Il respiro ha assorto il workshop: citando Undrowned di Gumbs, il respiro umano si lega al respiro delle balene, sottolineandone quanto sia cruciale per il nostro respiro e per il ciclo di carbonio del pianeta, quanto le foreste della terraferma [...]. Il lavoro di riconoscimento del respiro dell'Altro, in quanto essere distinto, ha avuto spazio nella prima pratica di Valerie. A coppie, disponendoci nello spazio, ci è stato consegnato un testo, letto ‘’schiena a schiena’’ all’interno della coppia. Ascoltando la lettura del brano della mia compagna, si percepiva la sua cassa toracica emettere un vibrato di volume microscopico, un ronzio intra osseo. Tra le molteplici coppie formate nella Sala della Musica, risuonavano i bisbigli e le risonanze emesse dalla lettura del testo.

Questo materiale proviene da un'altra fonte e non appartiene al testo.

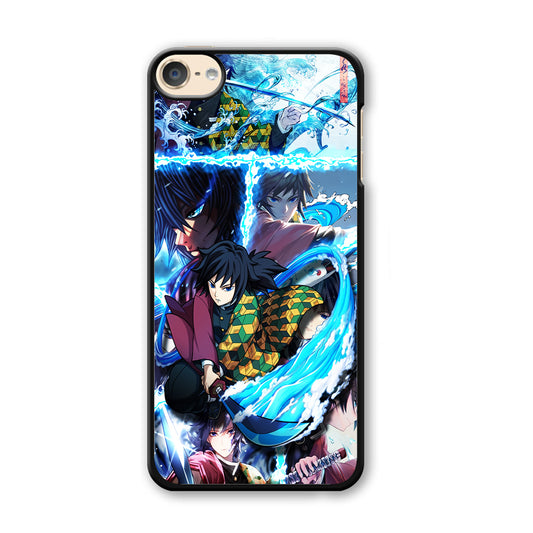 Demon Slayer Giyuu Tomioka iPod Touch 6 Case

Successivamente, i nostri corpi sono stati preparati e accompagnati dalla voce di Valerie Tameu, ad entrare in contatto con il suolo; a riscoprire un’orizzontalità che curva con le linee del corpo steso. I corpi orizzontali si sono attratti sul parquet liscio, che fungeva da vettore, orientati dalla cadenza del movimento e dalla voce di Valerie che echeggiava nella sala. Era come se si stesse tramandando al pavimento un movimento privato, nello scivolare sul suolo, tra le teste e le gambe altrui. Si è poi accennato, prima timidamente, poi con disinvoltura, il passaggio di altezza, dal suolo, alla posizione verticale. Nella verticalità del movimento, i corpi divampavano disinibiti e le braccia si facevano frecce convulse. Ognuno di noi ha lanciato un grido, la voce è uscita come una cascata. Una brezza ci ha caricato, la brezza provocata dal riscaldamento della nostra acqua corporea e del terreno battuto nel salto. Un climax dettato dal dinamismo concentrato, dell’aver disarticolato muscoli, zone d’ombra, fianchi, rivelato dal rossore delle nostre guance.



Tra grilli che friniscono, muoversi in uno spazio ad occhi chiusi ti accorge a non schiacciare, nessuno, di quei grilli, si dissigilla attorno a te l’unica presenza che scuote gli steli: l’alito del vento dei corpi in movimento.